## SOURCE MATERIAL:
- - - - -
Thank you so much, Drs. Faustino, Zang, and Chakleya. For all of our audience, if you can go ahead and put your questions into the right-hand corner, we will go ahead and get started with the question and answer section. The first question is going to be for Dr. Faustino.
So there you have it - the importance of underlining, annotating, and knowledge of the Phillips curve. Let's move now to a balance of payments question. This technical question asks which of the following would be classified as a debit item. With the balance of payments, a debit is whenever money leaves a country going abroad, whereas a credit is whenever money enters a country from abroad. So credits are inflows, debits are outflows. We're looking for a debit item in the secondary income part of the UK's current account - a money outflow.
- - - - -
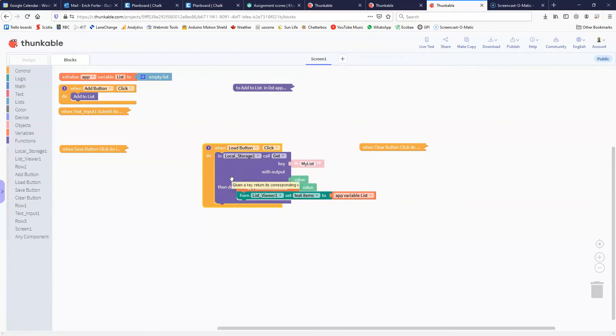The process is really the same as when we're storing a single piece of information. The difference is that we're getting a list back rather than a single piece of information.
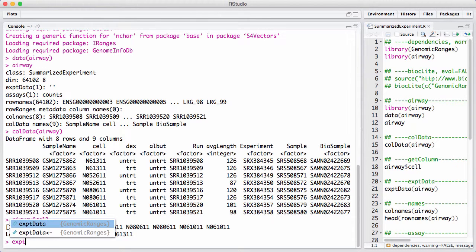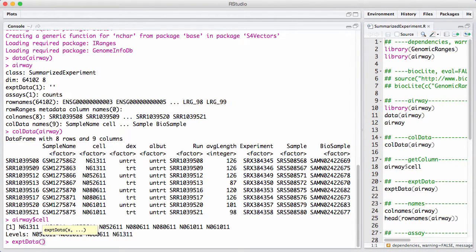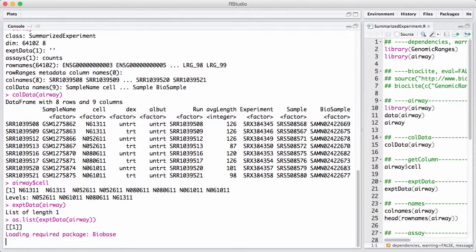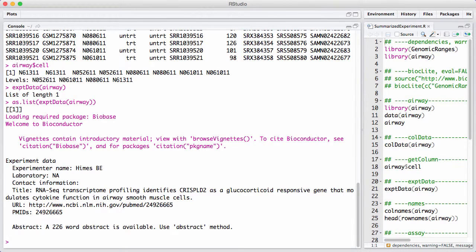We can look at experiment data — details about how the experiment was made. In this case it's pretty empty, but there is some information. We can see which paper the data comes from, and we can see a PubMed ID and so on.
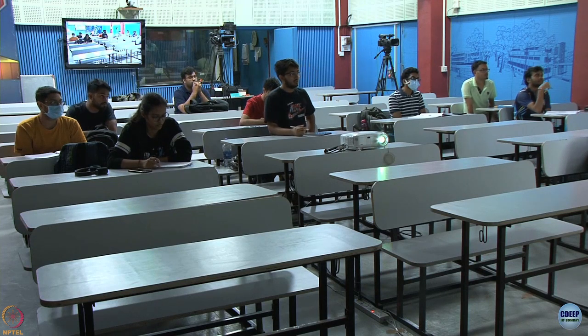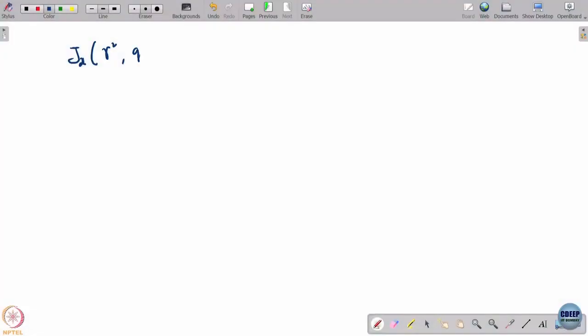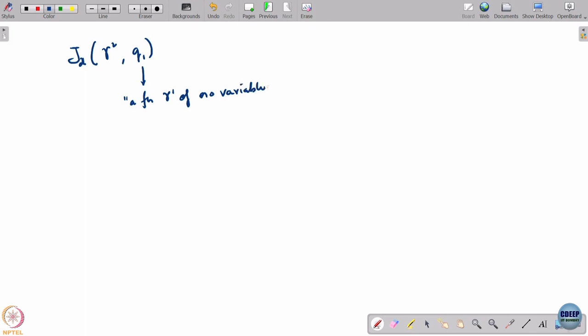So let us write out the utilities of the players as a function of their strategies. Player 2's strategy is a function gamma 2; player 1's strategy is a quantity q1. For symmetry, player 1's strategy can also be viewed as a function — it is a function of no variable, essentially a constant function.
- - - - -
## PROBLEM STATEMENT:
Give again the lines of the listing above that run from the one with "The process is" up to and including the one with "So let us write". Keep them exact and omit the pictures.

## RESULT FOR THIS TASK:
The process is really the same as when we're storing a single piece of information. The difference is that we're getting a list back rather than a single piece of information.
We can look at experiment data — details about how the experiment was made. In this case it's pretty empty, but there is some information. We can see which paper the data comes from, and we can see a PubMed ID and so on.
So let us write out the utilities of the players as a function of their strategies. Player 2's strategy is a function gamma 2; player 1's strategy is a quantity q1. For symmetry, player 1's strategy can also be viewed as a function — it is a function of no variable, essentially a constant function.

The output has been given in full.